Stored dataset items:
┄┄┄┄┄┄┄┄┄┄

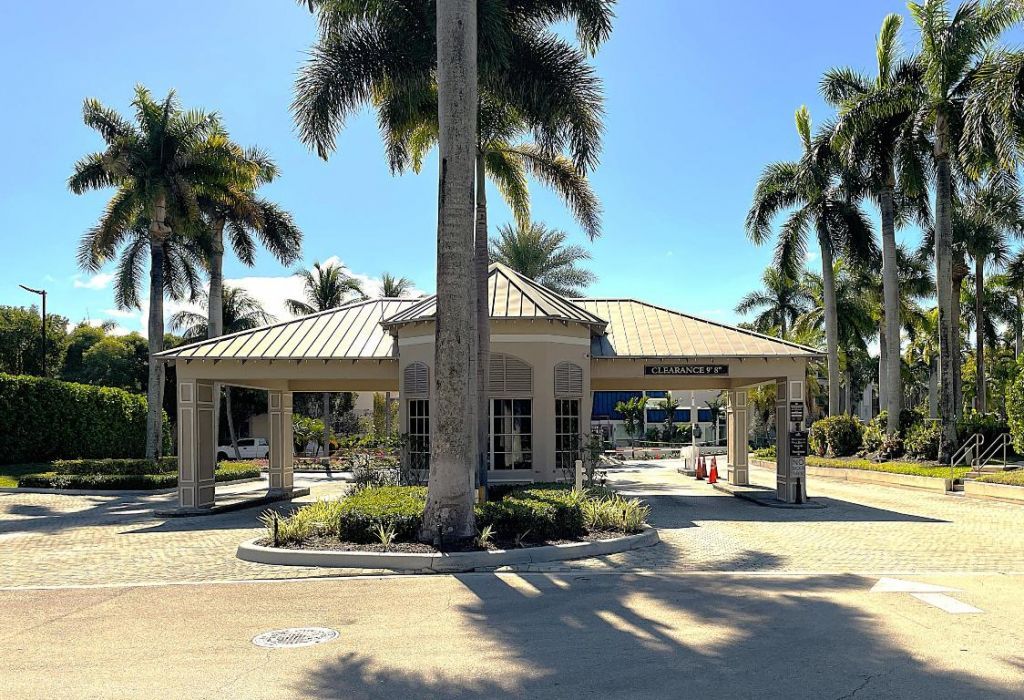 3 Royal Palm Way, Unit 2050, Boca Raton, FL 33432 Photo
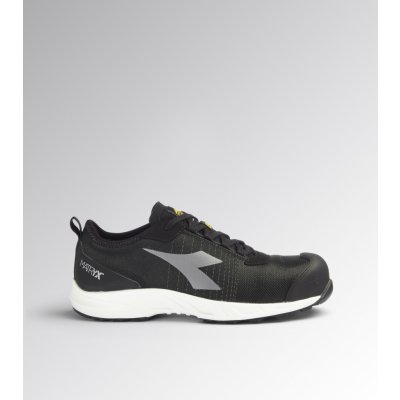 Diadora FLY LITEBASE MATRYX LOW S3 HRO SRC ESD obuv Černá/Bílá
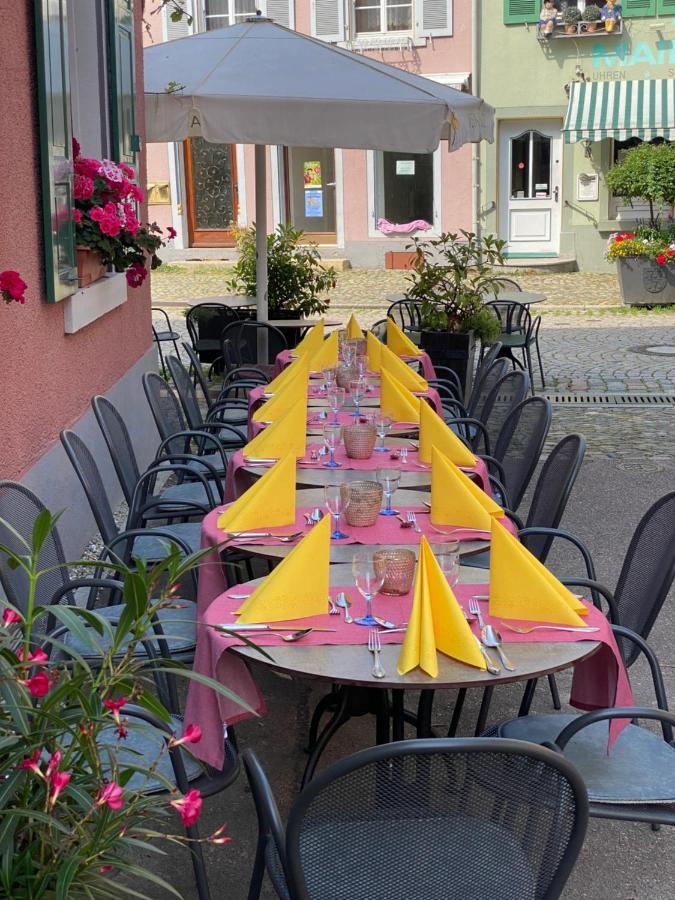 Gasthaus Zum Hirschen Staufen Exterior foto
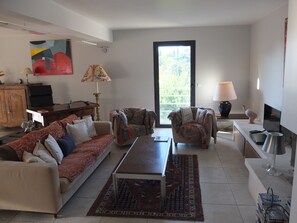 تلفزيون، مدفأة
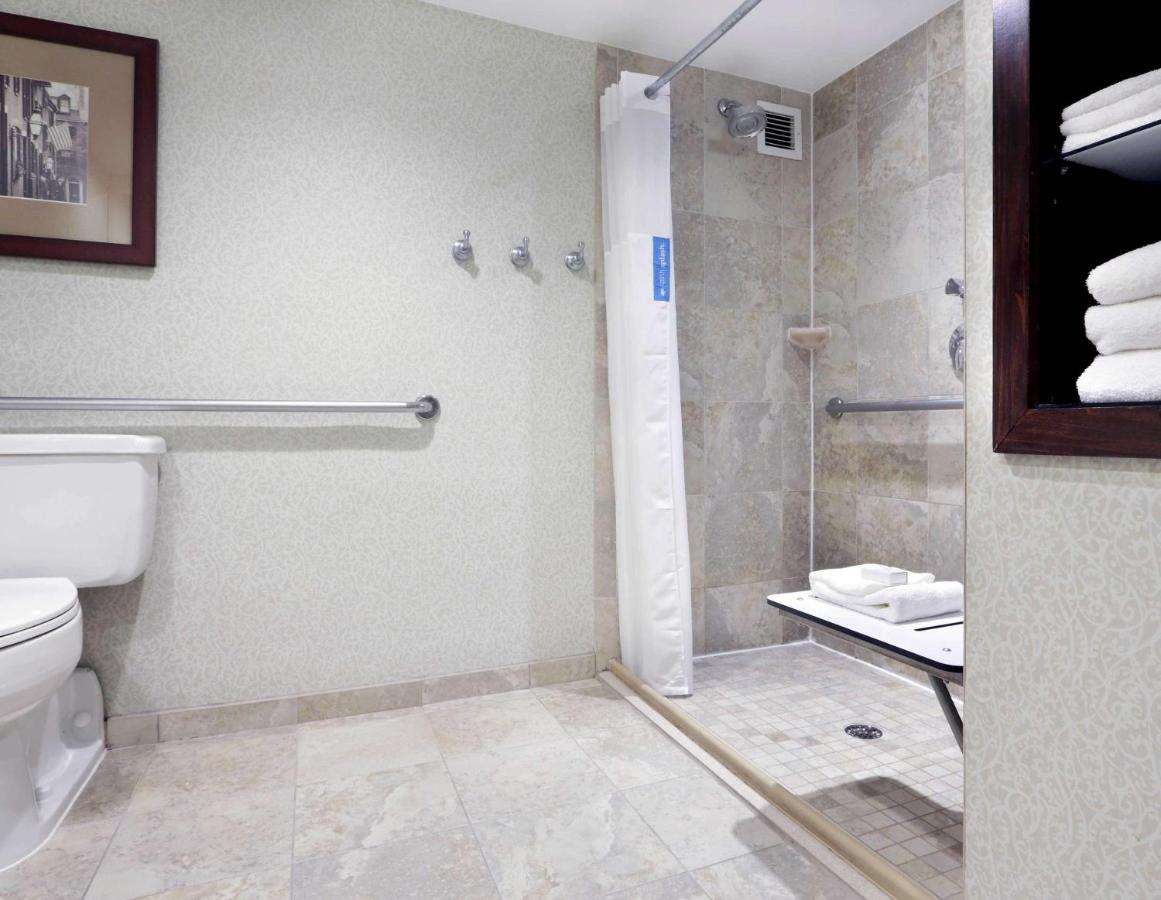 | Hampton Inn Boston-Natick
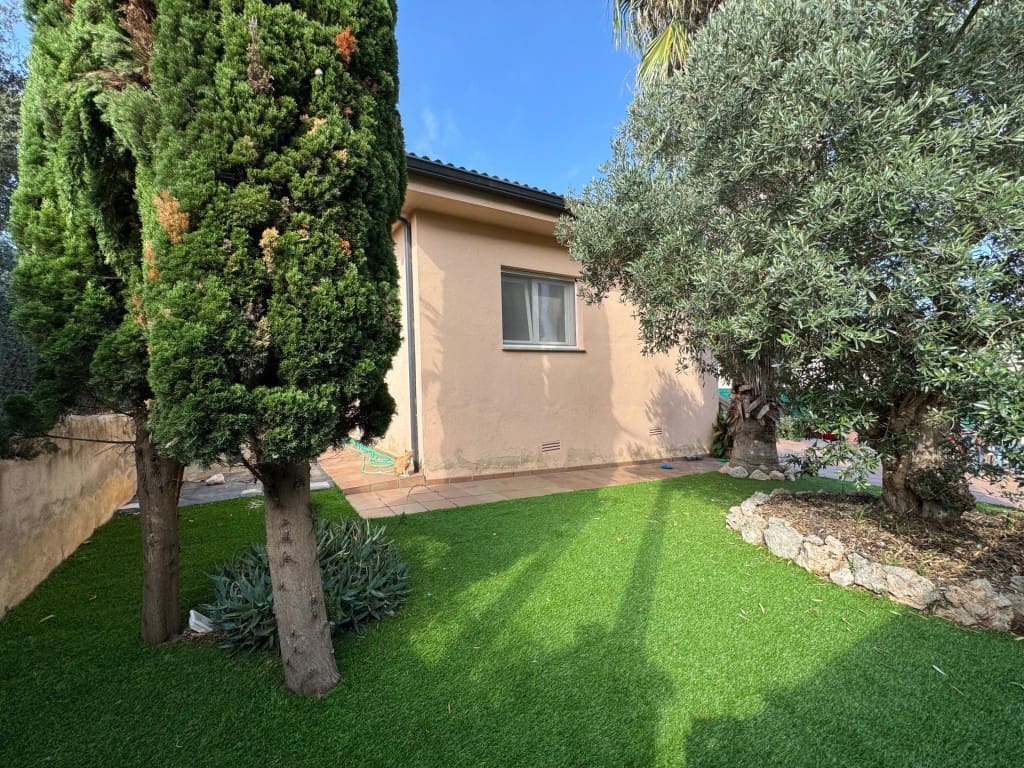 5 soveværelse Villa til salg i Caldes de Malavella med swimmingpool garage - € 330.000 (Ref: 9595782)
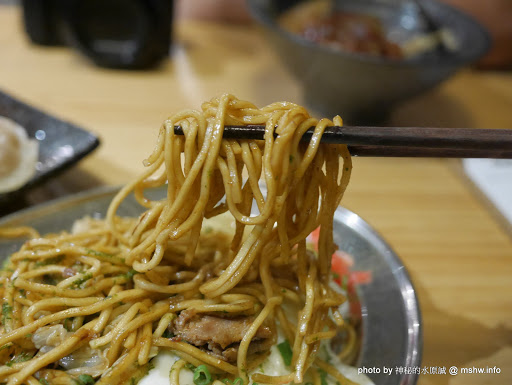 【食記】台中次男日食料理製作所@西區英才公園&台中二中-捷運BRT中正國小 : 激發你的黑暗原力!!這廚師從黑暗料理界來的? 下午茶 區域 台中市 台式 夜市小吃 宵夜 小吃 居酒屋 捷運美食MRT&BRT 日式 水餃&煎餃&鍋貼 炒泡麵 西區 輕食 速食 酒類 飲食/食記/吃吃喝喝 麵食類 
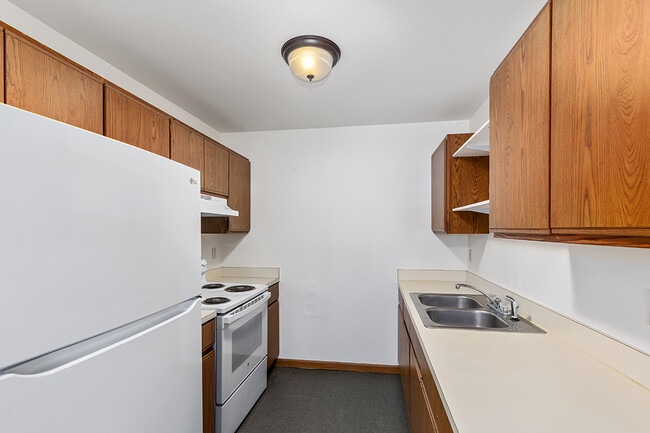 Kitchen - 15326 Clovernook Dr Unit #3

┄┄┄┄┄┄┄┄┄┄

TASK DIRECTIONS. Extract only the lines from the one that contains "Diadora FLY LITEBASE" through the end of the records, inclusive, and omit every picture.

EXPECTED ANSWER.
 Diadora FLY LITEBASE MATRYX LOW S3 HRO SRC ESD obuv Černá/Bílá
 Gasthaus Zum Hirschen Staufen Exterior foto
 تلفزيون، مدفأة
 | Hampton Inn Boston-Natick
 5 soveværelse Villa til salg i Caldes de Malavella med swimmingpool garage - € 330.000 (Ref: 9595782)
 【食記】台中次男日食料理製作所@西區英才公園&台中二中-捷運BRT中正國小 : 激發你的黑暗原力!!這廚師從黑暗料理界來的? 下午茶 區域 台中市 台式 夜市小吃 宵夜 小吃 居酒屋 捷運美食MRT&BRT 日式 水餃&煎餃&鍋貼 炒泡麵 西區 輕食 速食 酒類 飲食/食記/吃吃喝喝 麵食類 
 Kitchen - 15326 Clovernook Dr Unit #3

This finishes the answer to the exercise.